### Requirement
Please repeat each line from the one holding "Used Peugeot Partner" through the final line of the data, exactly as it stands, with no pictures.

### The records

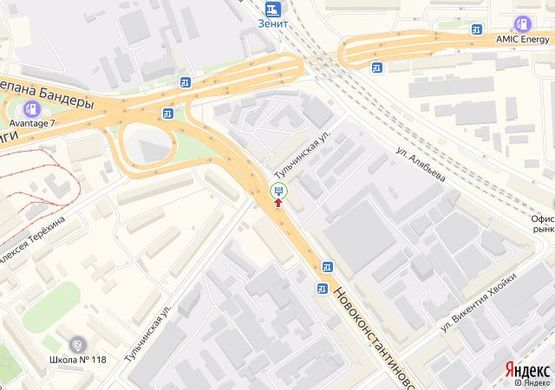 Схема рекламной плоскости по адресу ул. Новоконстантиновская,20 Схема рекламной плоскости по адресу ул. Новоконстантиновская,20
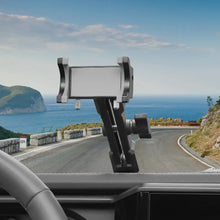 For 2024+ Jeep Wrangler JL & Gladiator JT Interior Metal Center Console Phone Holder Mount Bracket RT-TCZ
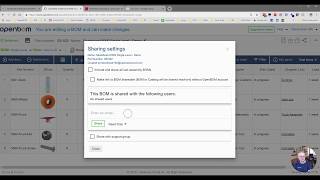 OpenBOM Real Time Collaboration
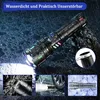 Fackel-LED, oplaadbaar, 1.000.000 lumen, extreem helder, Productafbeelding-voorbeeld 6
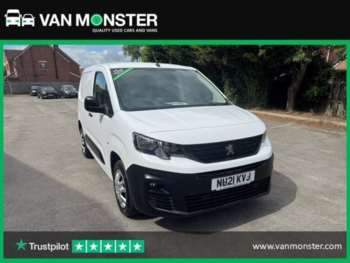 Used Peugeot Partner 2021 for sale - 75046358: Photo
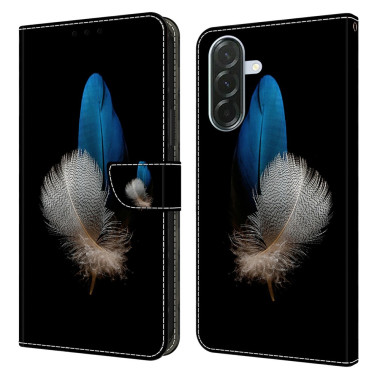 Housse Samsung Galaxy A37 Plume Portefeuille Support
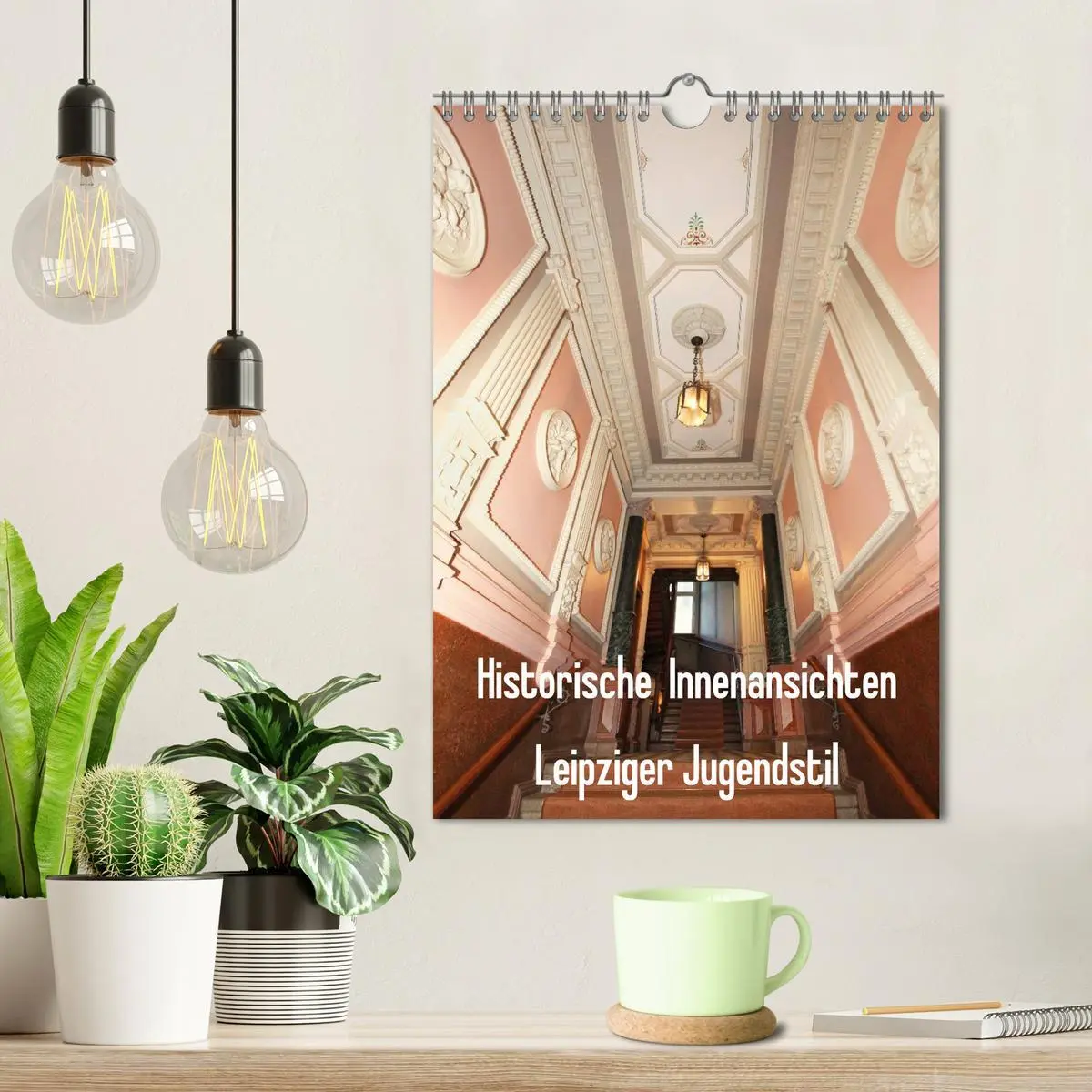 Bild: 9783516432695 | Historische Innenansichten - Leipziger Jugendstil (Wandkalender...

### Exercise answer
 Used Peugeot Partner 2021 for sale - 75046358: Photo
 Housse Samsung Galaxy A37 Plume Portefeuille Support
 Bild: 9783516432695 | Historische Innenansichten - Leipziger Jugendstil (Wandkalender...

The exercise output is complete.